Let us remember the clear analysis of the West that the Imam [Khomeini] gave us—as a collection of international bandits—which has consolidated itself since Imam's death. Let us also remember his insistence that the abominable genocide state of Israel completely disappear from the face of the globe.
Just as the Nazis believed that war provided the primary means for the Volk (racial community) to acquire its rightful Lebensraum (living space), so do Islamic fanatics believe that jihad is fundamental for the ummah (Muslim community) to re-establish the worldwide caliphate, Islam's ultimate geopolitical goal.
Explains Mohammed al-Asi:
The contemporary Muslim mind has to become "preoccupied" with how the Prophet went about putting together an Islamic state. Therefore the information about this state-building has to occupy center stage in our discussions, in our lectures, in our khutbahs (public sermons), in our studies and in our research. Islamic institutions and resources have to be committed to this urgent task.
We should not be studying hair-splitting fiqhi (legalistic) issues in halaqat (study sessions and circles). We should be learning how to consolidate our social will-power and how to form active and status-quo-challenging units throughout our African and Asian lands to reclaim them for Islam.
In the constitution of Iran, Article II, it is written: "All Muslims are one nation, and the Islamic Republic of Iran is duty bound to rest its general policy on the unity of Islamic nations and undertake efforts to realize the political, economic and cultural unity of the Islamic world."
What about potential opponents? Consider the fate of Theo van Gogh, an independent Dutch filmmaker and the great-grandnephew of Vincent van Gogh who made a controversial documentary entitled Submission, which depicted violence against women in Muslim societies. Jihadists saw Theo van Gogh as a blasphemer who deserved death. A Muslim website in the Netherlands published a picture of van Gogh with a red target over his chest. The caption read, "When is it Theo's turn?"
On November 2, van Gogh was murdered on the streets of Amsterdam. His assailants shot him with an automatic gun, then slit his throat and pinned to his corpse with a knife a note bearing threats to Netherlanders and quotations from the Koran. Police arrested a man of Moroccan descent whom authorities say is affiliated with terrorists.

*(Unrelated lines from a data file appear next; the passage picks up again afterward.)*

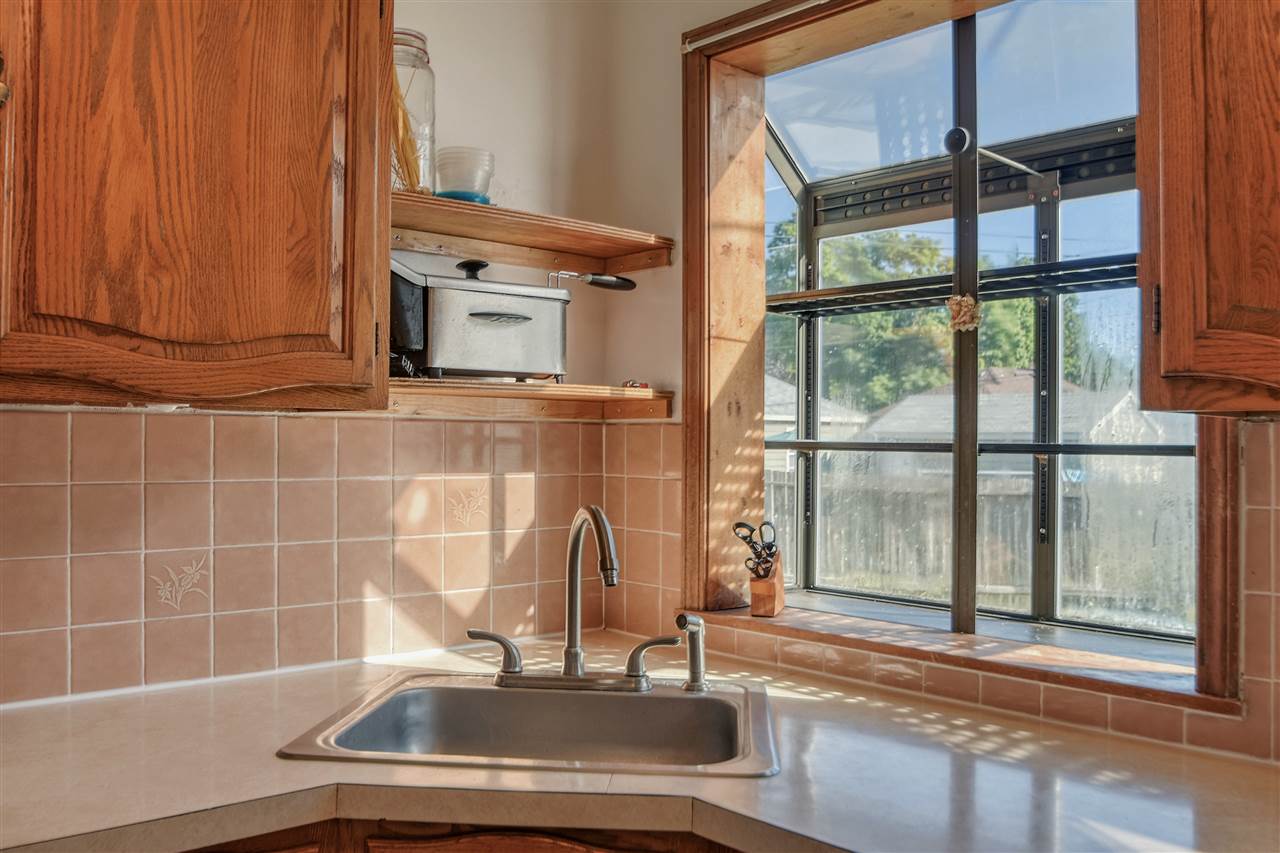 325 East Graves Road Spokane, WA 99218 - Photo 10 of 25 Gallery Image 10
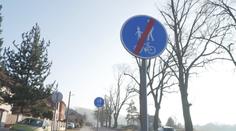 Řidičům v Blansku motají hlavu značky. Na krátkém úseku šestkrát mění rychlost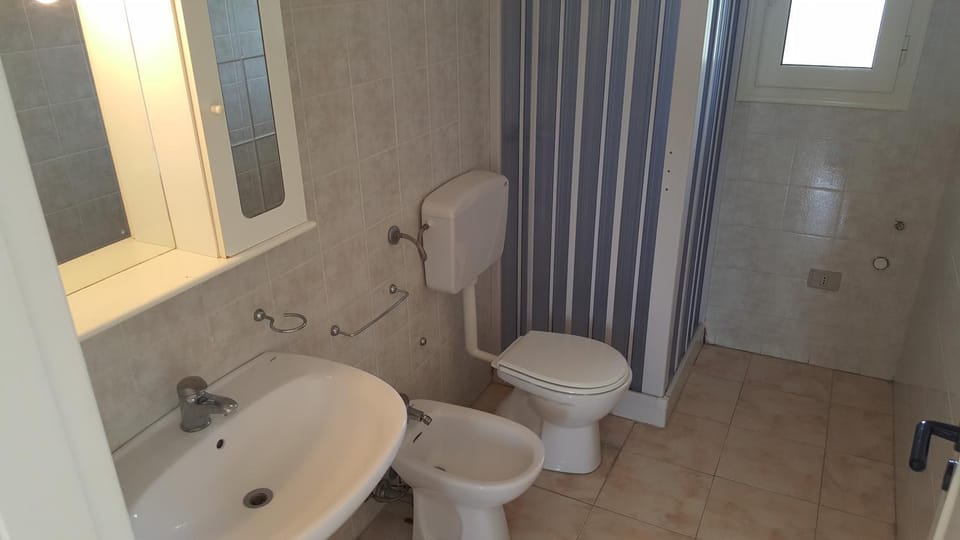 Bathroom, Living room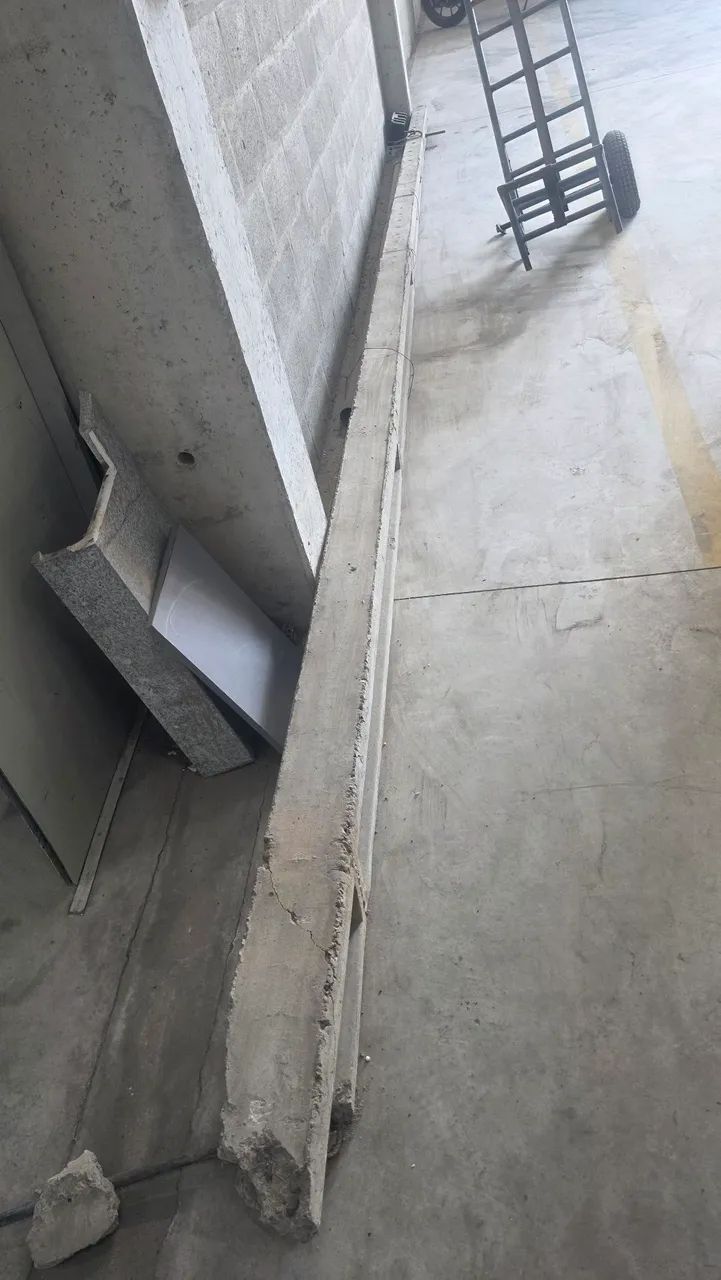 Poste com 5 metros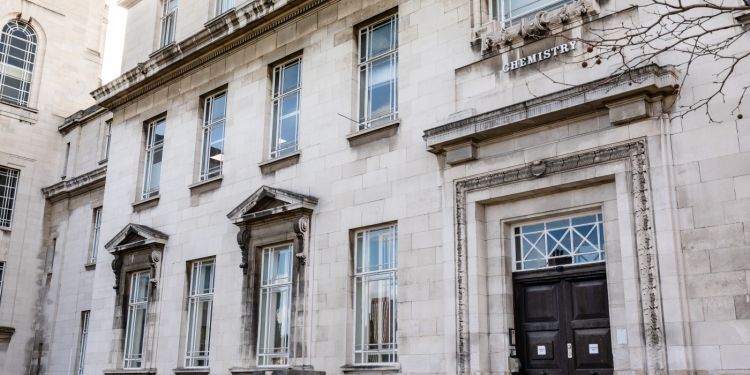 Help shape the future as a lecturer with the School of Chemistry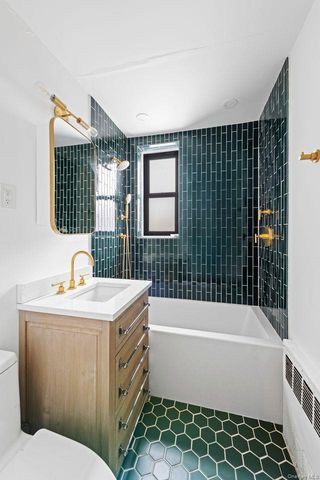 1165 E 54th Street 3E, Brooklyn, NY 11234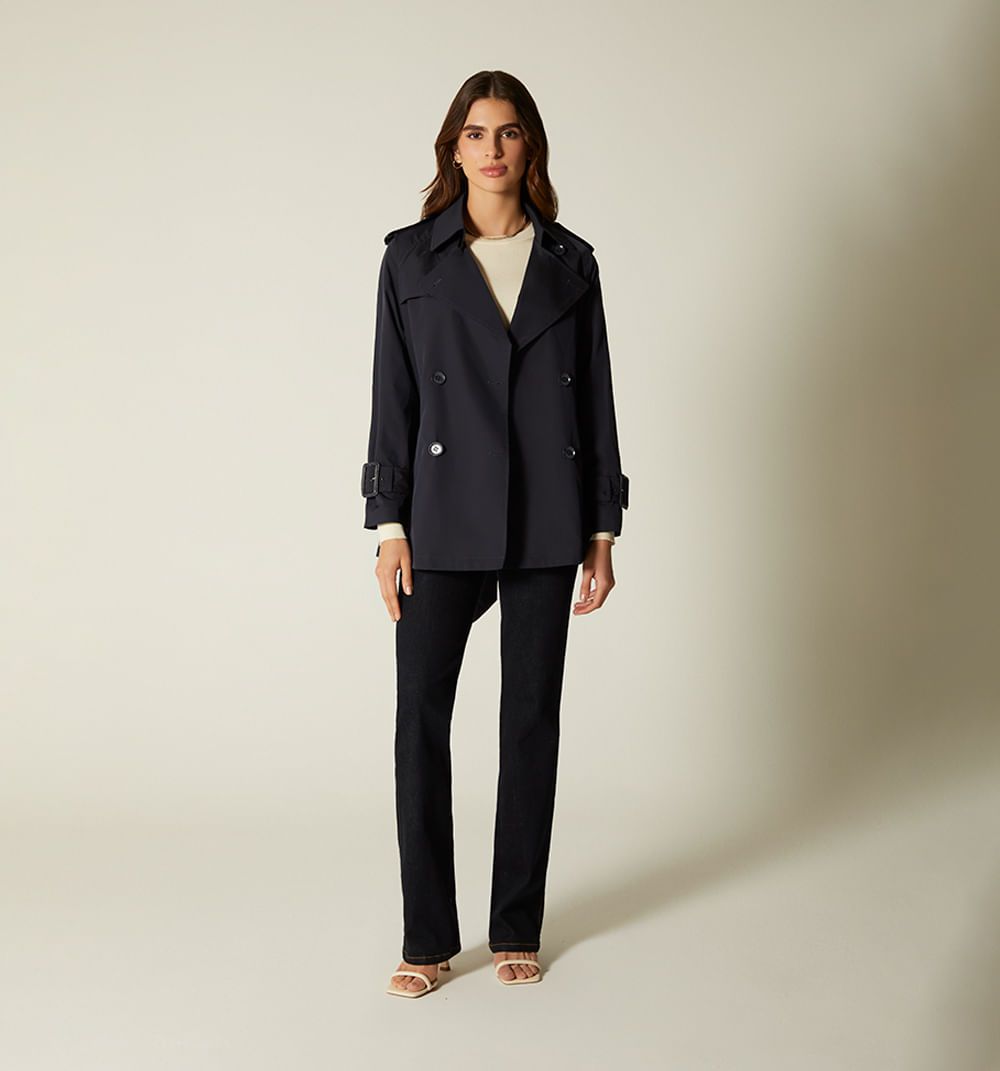 Trench corto con botones dorados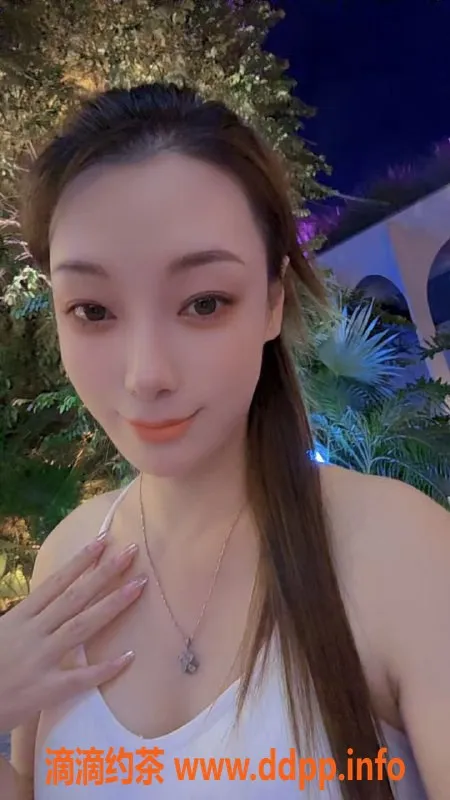 广州楼凤资源信息,番禺朵朵，26岁160cm，超值套餐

Finally, listen to Algar's views on Palestinian suicide bombers, made in California Monthly, Berkeley's alumni magazine:
That term, an invention of the West, does not represent the perspective of those who engage in such action and is not very helpful. [It] seems to me that a greater degree of moral condemnation should be reserved for those who continue, daily, with impunity, to kill and to humiliate the Palestinian people.
In other words, there is definitely a cause-and-effect relationship here, and to criticize or condemn an effect while overlooking the cause is not very helpful.
Algar is no hypocrite in his defense of terrorism and murder. In 1998, he verbally harassed and spat on members of Berkeley's Armenian Student Association, who were commemorating the genocide of Armenians by the Turks.
"It was not a genocide, but I wish it were, you lying pigs," said Algar, quoted by Shake Hovsepian in Usanogh: Periodical of Armenian Students. "You are distorting the truth about history. You stupid Armenians; you deserve to be massacred!" The students filed a grievance and Berkeley's Associated Students demanded that the administration force Algar to issue a written public apology or censure him.
It should surprise nobody that scholars promote such opinions. During the 1920s, German professors despised the Weimar Republic and longed for the return of authoritarian government. But those professors did not expect the Nazis' brand of totalitarianism. Today's Islamic scholars in the West not only expect it. They welcome it.
Nearly six decades after defeating the Nazis, civilization confronts a distressingly similar—and equally ruthless—ideological enemy that deserves the same fate. It's all there, in their own words.